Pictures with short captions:
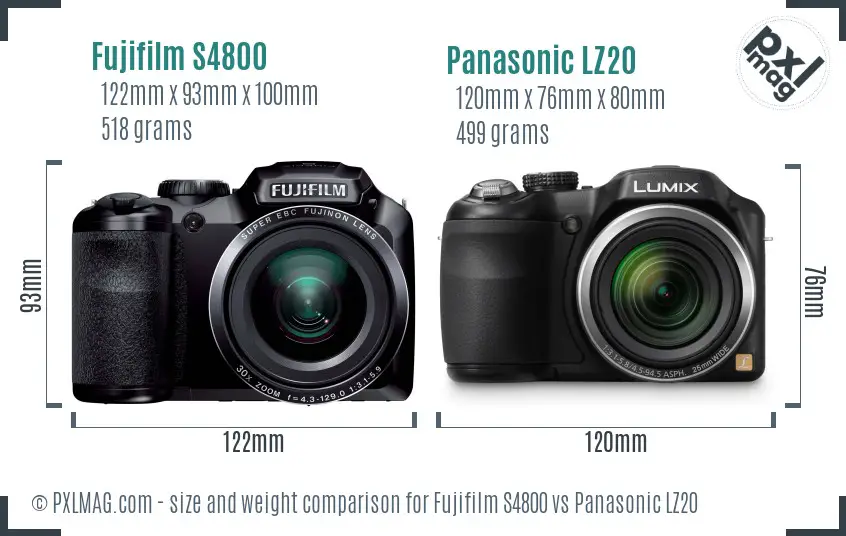 Fujifilm S4800 vs Panasonic LZ20 size comparison
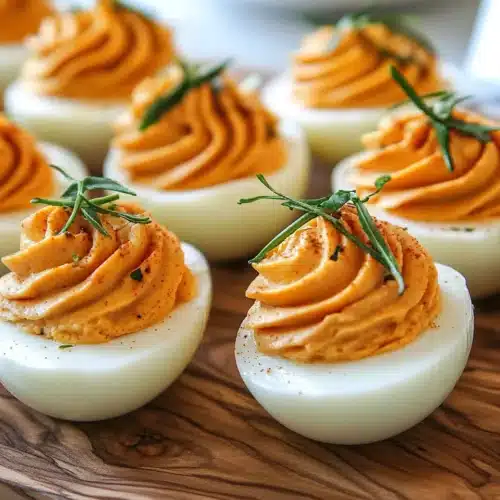 Thanksgiving Appetizer Deviled Eggs beautifully garnished with herbs
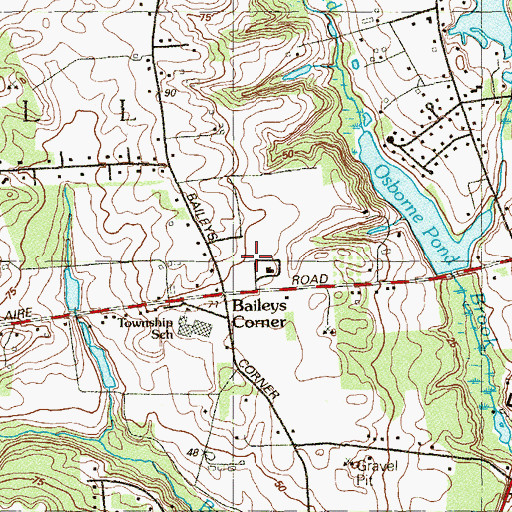 Topographic Map of Wall Township Fire Prevention Bureau, NJ
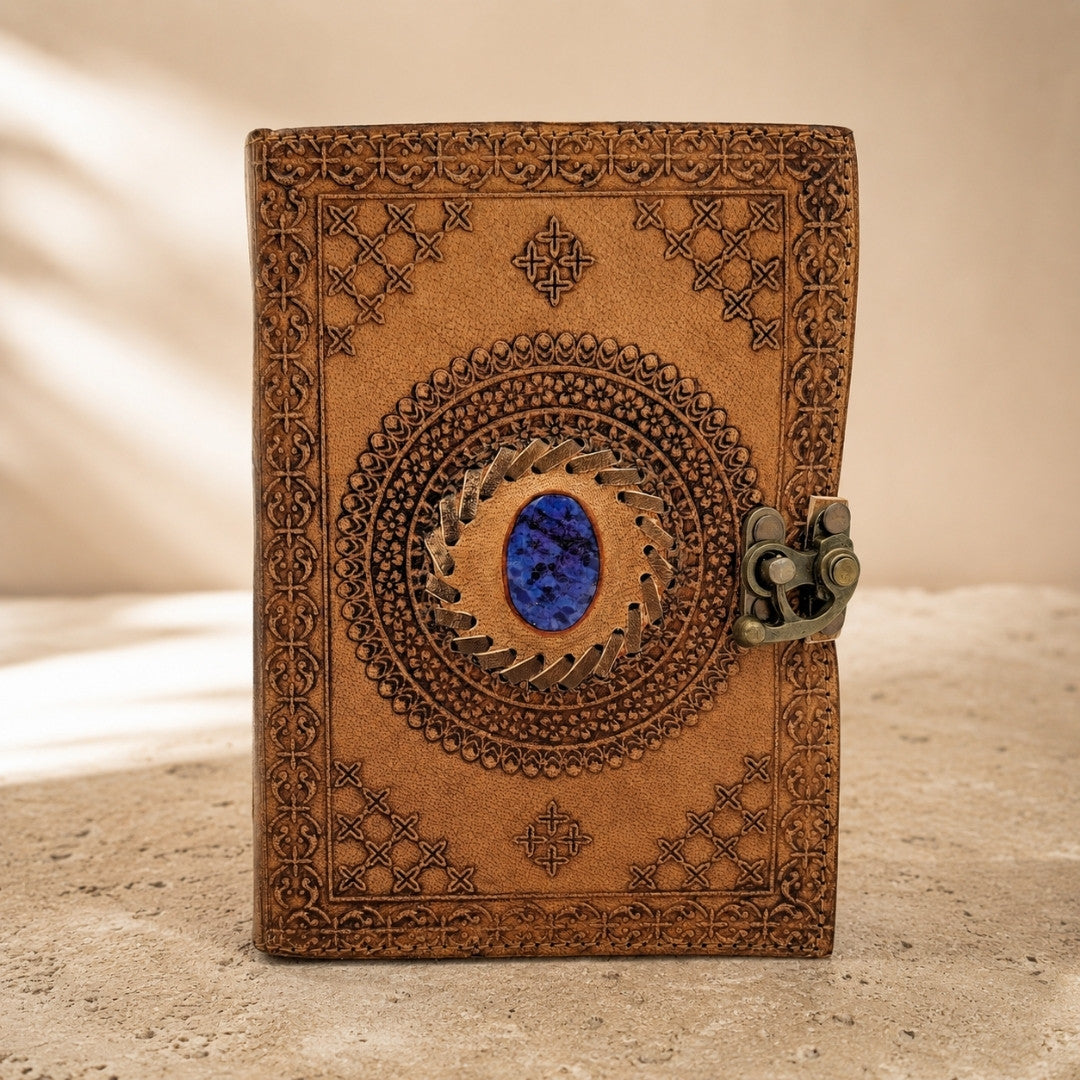 Retro-Ledernotizbuch mit Stein - Büffelleder - AH16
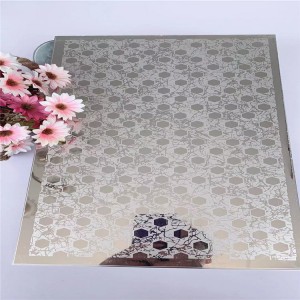 High Quality Super Mirror with Etching Finish Decoration Plate 1219x2438mm 0.95mm 304 Stainless Steel Sheet for Elevator Lift Decoration Plate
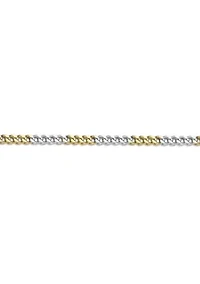 Stainless Steel Foxtail Chain Bracelet with Goldtone Ion Plating, 8.5"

[Brief]: Except for the pictures, give the data again word for word.

[Exercise result]:
 Fujifilm S4800 vs Panasonic LZ20 size comparison
 Thanksgiving Appetizer Deviled Eggs beautifully garnished with herbs
 Topographic Map of Wall Township Fire Prevention Bureau, NJ
 Retro-Ledernotizbuch mit Stein - Büffelleder - AH16
 High Quality Super Mirror with Etching Finish Decoration Plate 1219x2438mm 0.95mm 304 Stainless Steel Sheet for Elevator Lift Decoration Plate
 Stainless Steel Foxtail Chain Bracelet with Goldtone Ion Plating, 8.5"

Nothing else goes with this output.